Like most of the boxing world, the patience of Egidijus Kavaliauskas began waning as he anxiously awaited an undisputed showdown between Errol Spence Jr. and Terence Crawford to be announced. Despite the perpetual delays, the Lithuanian native remained confident that both sides would eventually cross their t’s and dot their i’s before coming to an agreement.

However, the 34-year-old fringe contender was left dumbfounded as Crawford abruptly left the negotiating tables altogether. Having thrown up his hands in frustration, the WBO 147-pound belt holder will instead defend his crown against David Avanesyan. The two will officially battle it out on December 10th, at Chi Health Center in Crawford’s hometown of Omaha, Nebraska.

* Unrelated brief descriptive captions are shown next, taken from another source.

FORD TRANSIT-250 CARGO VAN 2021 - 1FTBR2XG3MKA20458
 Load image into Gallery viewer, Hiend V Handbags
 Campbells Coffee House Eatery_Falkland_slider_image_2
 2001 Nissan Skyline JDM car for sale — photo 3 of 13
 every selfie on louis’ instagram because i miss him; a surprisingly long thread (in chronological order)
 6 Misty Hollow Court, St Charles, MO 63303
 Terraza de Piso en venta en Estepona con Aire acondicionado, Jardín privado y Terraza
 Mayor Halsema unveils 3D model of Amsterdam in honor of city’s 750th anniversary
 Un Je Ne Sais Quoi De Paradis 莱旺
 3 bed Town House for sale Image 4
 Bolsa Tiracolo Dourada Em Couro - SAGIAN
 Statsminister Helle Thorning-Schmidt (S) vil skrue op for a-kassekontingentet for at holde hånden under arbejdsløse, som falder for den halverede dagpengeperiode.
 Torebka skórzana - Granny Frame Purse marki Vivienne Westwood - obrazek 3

Avanesyan, 34, has gone on a tear as of late, racking up half a dozen stoppage victories in a row since coming up short against, ironically enough, Kavaliauskas. Of course, outside of his win against Avanesyan, Kavaliauskas also shared the ring with Crawford just a few short years ago.

Taking into consideration his familiarity with both men, Kavaliauskas has a strong hunch as to who will pick up the win come fight night.  

“I think Crawford is going to stop him,” said Kavaliauskas to ESNEWS. “Avanesyan is probably going to do some good rounds in the beginning. He’s not a bad fighter, he has heart. But I think Crawford is going to stop him for sure.”

As Kavaliauskas alludes to, Crawford (38-0, 29 KOs) has a propensity for slow starts. During their showdown in December of 2019, the former Olympian nearly made his man pay. But after weathering through the early storm, Crawford ultimately picked up on his rhythm, resulting in Kavaliauskas hitting the deck a total of three times before referee Ricky Gonzalez waved things off.  

As Avanesyan (29-3-1, 17 KOs) continues to move forward in his preparation for what will undoubtedly be the most difficult night of his pugilistic life, Kavaliauskas breaks down what makes Crawford nearly impossible to defeat in the ring.

“Crawford is just a smart guy. He has that good boxing IQ. Even if he’s like losing the beginning of the fight, the first couple rounds it’s not going to do nothing. He’s just watching what you do in the ring. He’s picking your mistakes.”